--- START ---

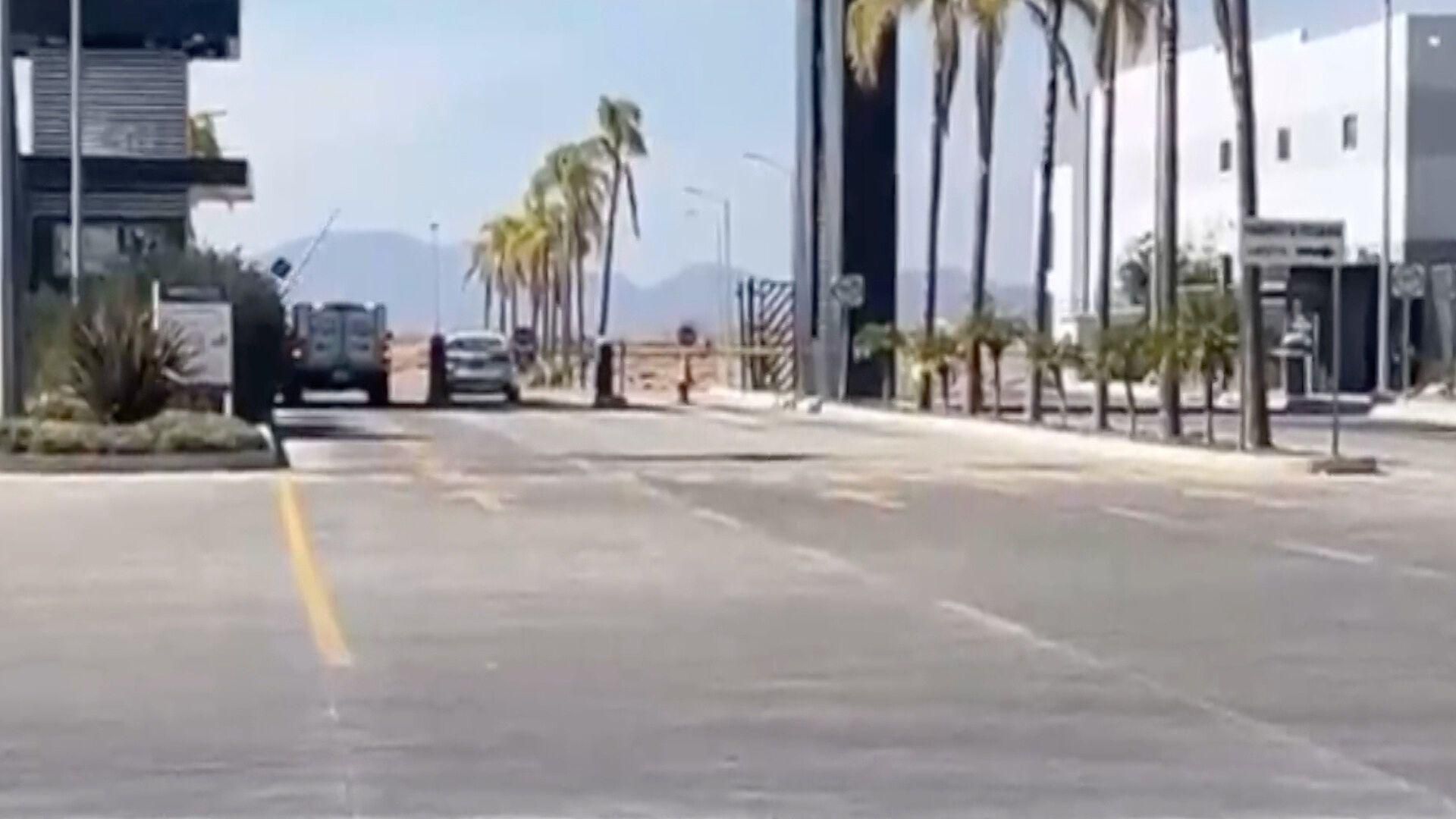 Joven Muere Tras Caer de 12 Metros de Altura Mientras Instalaba Fibra ...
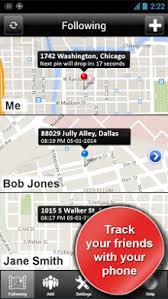 Enjoy modern, advanced tools that go beyond a basic gps phone tracker. Phone Tracker Gps Tracking Apk Download For Android
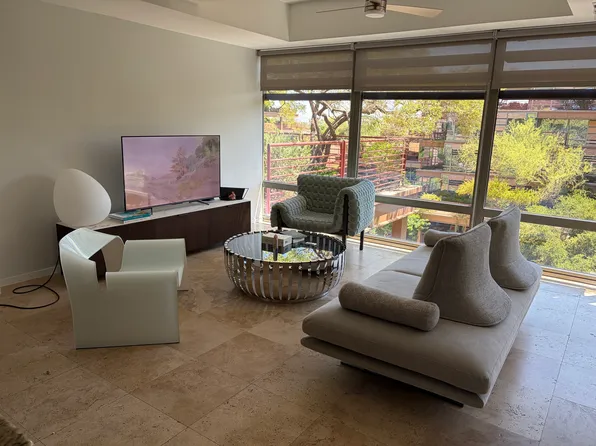 7151 E Rancho Vista Dr, Scottsdale, AZ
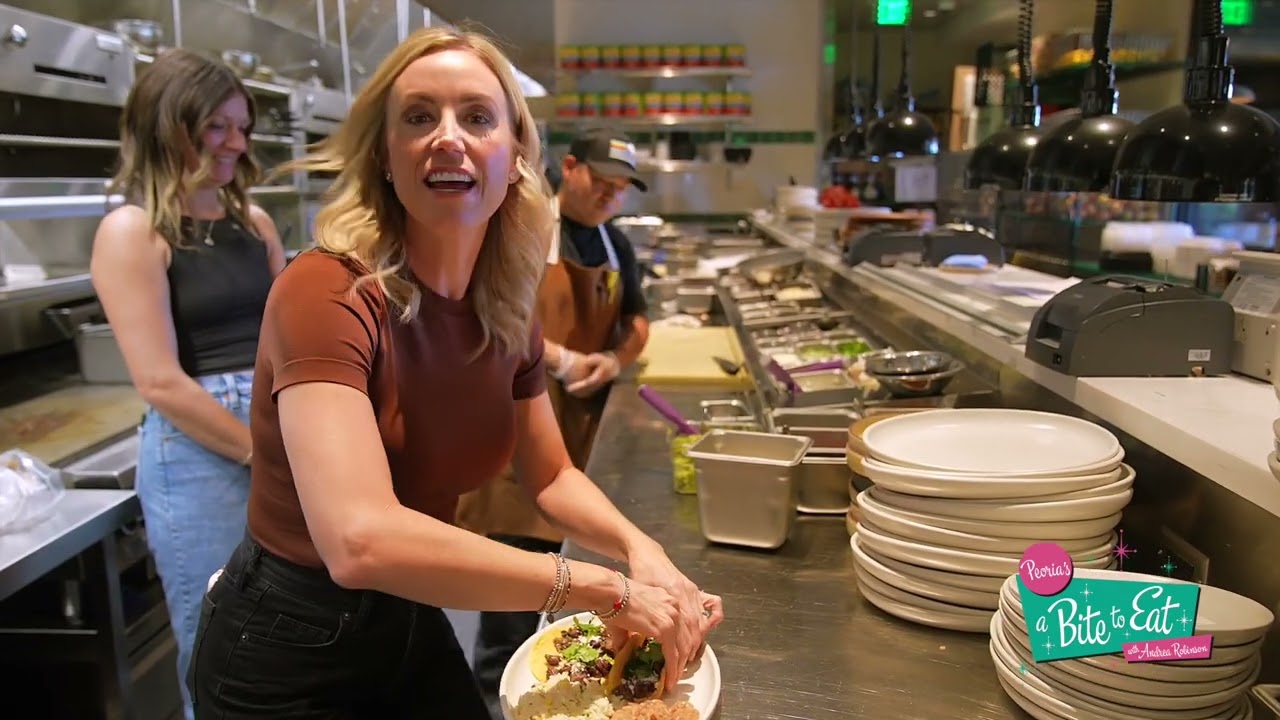 Bite to Eat: Blanco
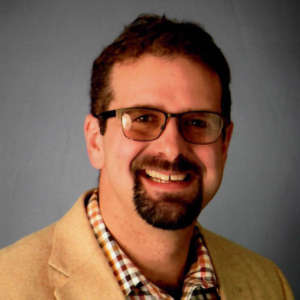 Joshua Harris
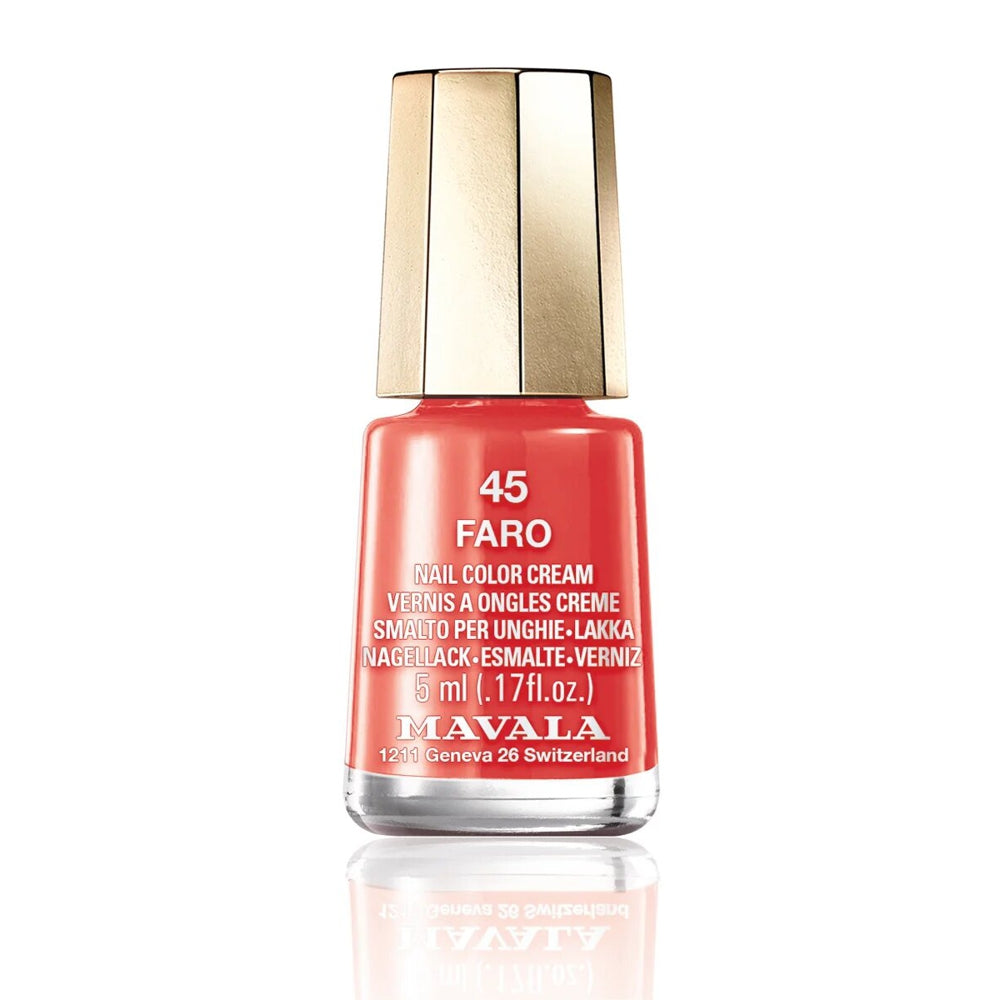 Mavala - Faro 45 - Mini -Nagellack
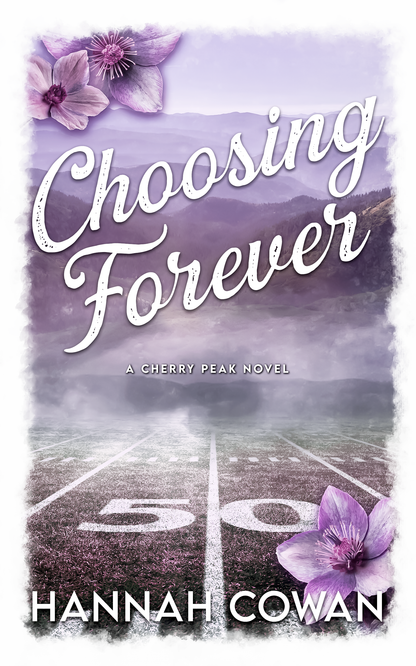 [PREORDER] Choosing Forever (Signed Bookplate)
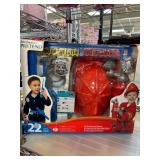 Imaginarium Pretend Rescue Playset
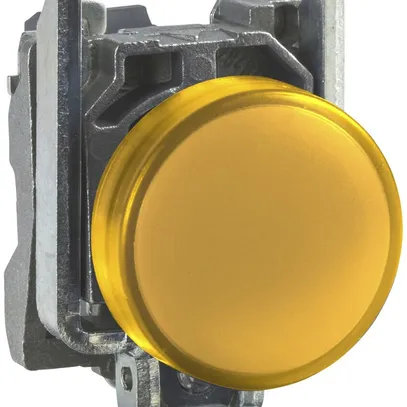 Lampada spia INS Schneider Electric LED giallo, 24V 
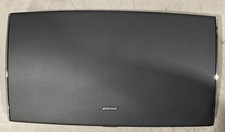 BOSE AVM Control Console,  Model 402455, HDMI, drive 5.1 channel home theater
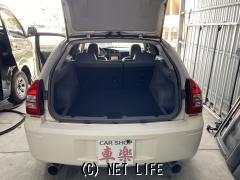 ダッジ マグナム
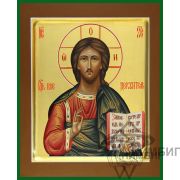 Икона «Господь Вседержитель» 58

--- END ---

* _PROMPT_:
Could you please write out exactly the lines from the start of the entries above through the line that holds "Bite to Eat: Blanco", both included, with no pictures?

* _ANSWER FOR THE TASK_:
 Joven Muere Tras Caer de 12 Metros de Altura Mientras Instalaba Fibra ...
 Enjoy modern, advanced tools that go beyond a basic gps phone tracker. Phone Tracker Gps Tracking Apk Download For Android
 7151 E Rancho Vista Dr, Scottsdale, AZ
 Bite to Eat: Blanco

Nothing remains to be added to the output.